Robert Heinlein is Lieutenant Robert Heinlein, U.S.N., as has been mentioned before in this magazine. His station is not yet determined, and I do not know whether he will be able to do any further writing; I greatly doubt that he will. He has been taking a vacation from writing since completing “Methuselah’s Children.” There are no Heinlein manuscripts on hand.
Anson MacDonald is in Navy service equally; it is practically certain that we will have to wait until the end of the war before he will be able to write for us again. For small blessings, give praises; MacDonald had completed and sent into the magazine a new long novel which reached me four days ago–our check in payment reached him eighteen hours before he reported for active duty. The novel is scheduled for the April and May issues, a 70,000-word two-part serial. It represents material fully up to MacDonald’s high standard in writing and involves a theme which has never been more than hinted at in any field of writing before. A civilization truly and soundly based on complete control of genetics–not a story about genetic control, but about a civilization based on that fundamental.

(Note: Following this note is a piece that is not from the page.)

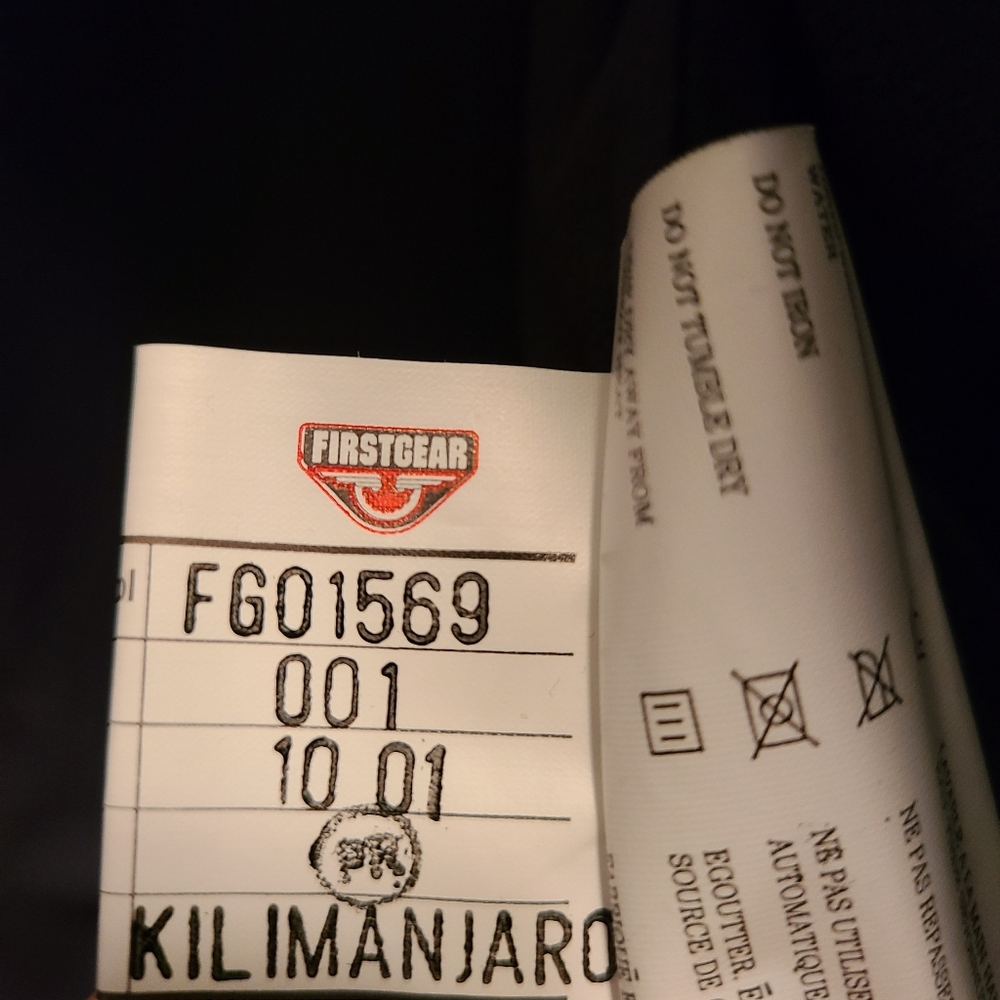 First Gear Kilimanjaro Riding Jacket - Picture 8 of 10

A. E. van Vogt is a Canadian; probably his status will not be changed; if anything, his work will increase in volume. Its quality is well attested by several new stories on hand now…
The MacDonald novel that Campbell refers to is “Beyond This Horizon.”
And so with the war now brewing, and America’s full involvement, the future is someone less clear. Of course, we know how it all turns out, but can you imagine reading this issue in January 1942 (when the issue would have hit the newsstands) and realizing that it’s not just the usual aspects of life that are affected by the war–it’s all of them, including science fiction.
Next month looks like a good lineup with stories by van Vogt, MacDonald, Asimov, del Rey, Russell, and article by Jameson, and a new pseudonym for a familiar name who has not yet shown up in this Vacation.
See you back here in two weeks.
“There Shall Be Darkness” is barely SF. It is a straight historical tale of the Roman legions withdrawing from Britannia with some spaceships and ray guns plastered over the framework to make it marketable to Campbell.
And this is not the first time Catherine would do this.
At the tail end of your vacation, there is a honest to God Bat Durston (Barry Malzberg can explain the reference) by Lawrence O’Donnell which is nothing more than a Western transpanted to space.